In 1974 Pope Paul VI rather unexpectedly gave the Catholic Church’s largest order of priests a new job. With all their intellectual resources spread across dozens of Jesuit universities all over the globe, they were to begin a dialogue with atheism. 

“Tibor had to ask himself, ‘How would I contribute to this effort to deal with atheism?’ ” said Perry, a former editor of the URAM journal.

Instead of trying to talk to atheists about God or entering into endless, fruitless arguments that always result when people clash over their basic understanding of the universe, Horvath sought neutral language to frame the discussion.

“When that person articulates his or her ultimate, we’re now in the realm of talking about God. But not talking about God in a theological sense, but in a different kind of way,” Perry said.

Horvath would ask Marxist philosophers, physics professors, even literary critics what value or reality they felt was necessary for their very being — for what would they sacrifice everything? He didn’t judge the answers as either correct or incorrect, but instead encouraged those answers to be as complete, deep and searching as they could be.

“He let people write things from their own viewpoint,” said Jesuit philosopher and former president of Regis College Fr. Jack Costello. “He never dictated what your work had to be. I think there was a real sense of inclusion… Tibor avoided the box, I think. I thought he was crazy when he decided to have an institute called Ultimate Reality and Meaning.”

Crazy like a Jesuit fox, maybe. It turns out that URAM in Hungarian means Lord.

Horvath was born into an uncertain world. In 1927 the Kingdom of Hungary was no longer part of the great Austro-Hungarian empire, but it had not yet settled into a comfortable existence as a mere nation-state. It was paying war reparations to its neighbours in the aftermath of the First World War and longing to reunite with Hungarians who had been left outside its new borders.

Come the Second World War Hungary was all thrown further into doubt.

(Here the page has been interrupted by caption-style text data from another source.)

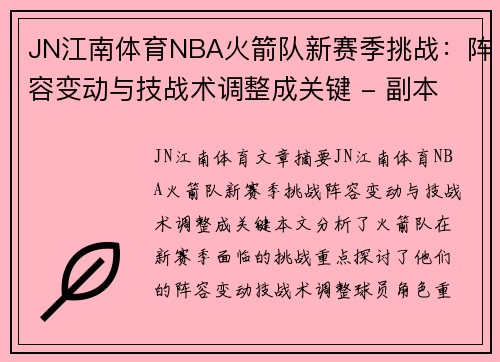 JN江南体育NBA火箭队新赛季挑战：阵容变动与技战术调整成关键 - 副本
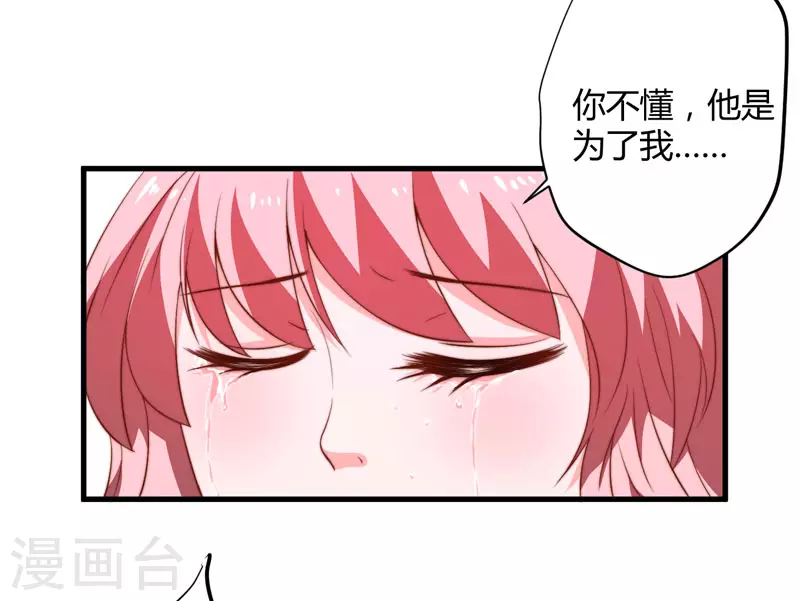 《重生医妃很痴情》第15话 他还活着 第10页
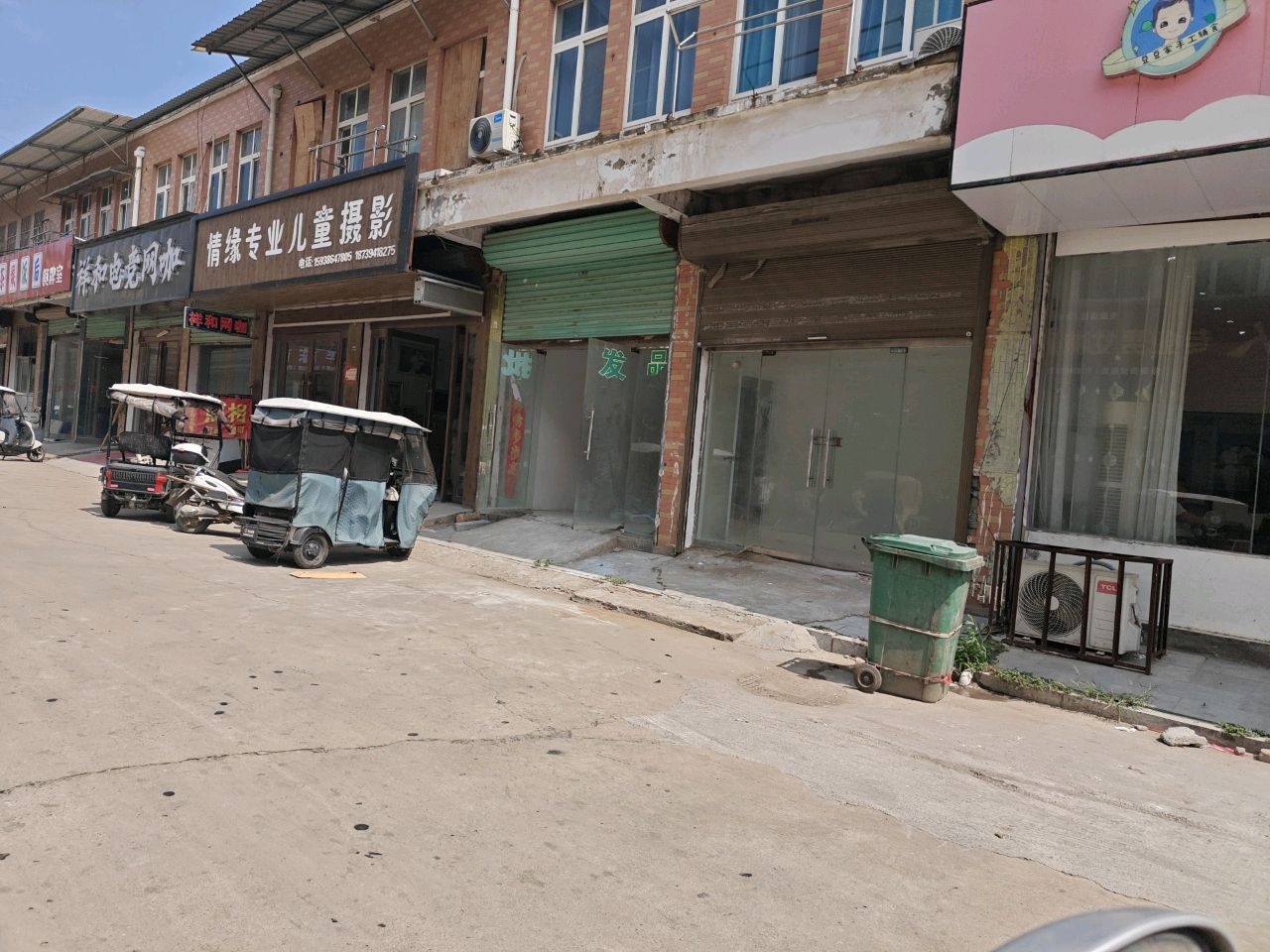祥和网吧(G220店)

Economically tied to the fascist powers in Italy and Germany, Hungary ended up part of the Axis. The 19-year-old Horvath sought certainty and solidity in 1946 by entering the Jesuits. But by 1948 he and the other Jesuits were on the run from Hungary’s imposed Communist government and he was studying philosophy in Innsbruck, Austria. He was ordained in Spain in 1957 and then joined other Hungarian Jesuits in Guelph, Ont.

With final vows in 1963 came an assignment to teach basic theology, ecclesiology, grace and eschatology at Regis College in Toronto.

Out of the uncertainty of his life, Horvath built up an intellectual fascination with the certainty of his faith and a curiosity about the certainties of other lives around him.

“If you don’t explore and imagine and create new aspects of understanding, you don’t, in a way, have a chance of creating new practical encounters with one another,” said Costello. “That connection, of seeing differently and understanding differently, both arises out of fresh, experimental stuff and practical stuff — and it adds to them.”

“Horvath admitted that the project (the Encyclopedia of Ultimate Reality and Meaning) would take decades to complete, which turned out to be an understatement,” Jesuit University of Seattle English professor Fr. David Leigh wrote in a brief summation of Horvath’s intellectual life. “In 1999, Horvath called his project ‘an intellectual democracy.’”

Horvath’s Catholic impulse was to resist the fragmentation of knowledge.

“Since we think that ideas do not exist but that people with ideas do, we are interested in people and their ideas of URAM,” Horvath wrote in 1990. “An adequate understanding of an authentic idea of ultimate reality and meaning of human existence is not attainable without the co-operation of as many people as possible.”

Horvath died in 2008, but his journal and his international society of scholars have outlived him by at least a decade. Many of those scholars are now looking for ways to reimagine the project, said Perry.

“There are people who are quite committed to the effort to work on ultimate reality and meaning,” he said. “And they’re quite unhappy with the demise of the journal.”

URAM as a journal or as an international society may cease to exist. But as an ideal for Catholic intellectual life and higher education, Horvath’s ideas will live on.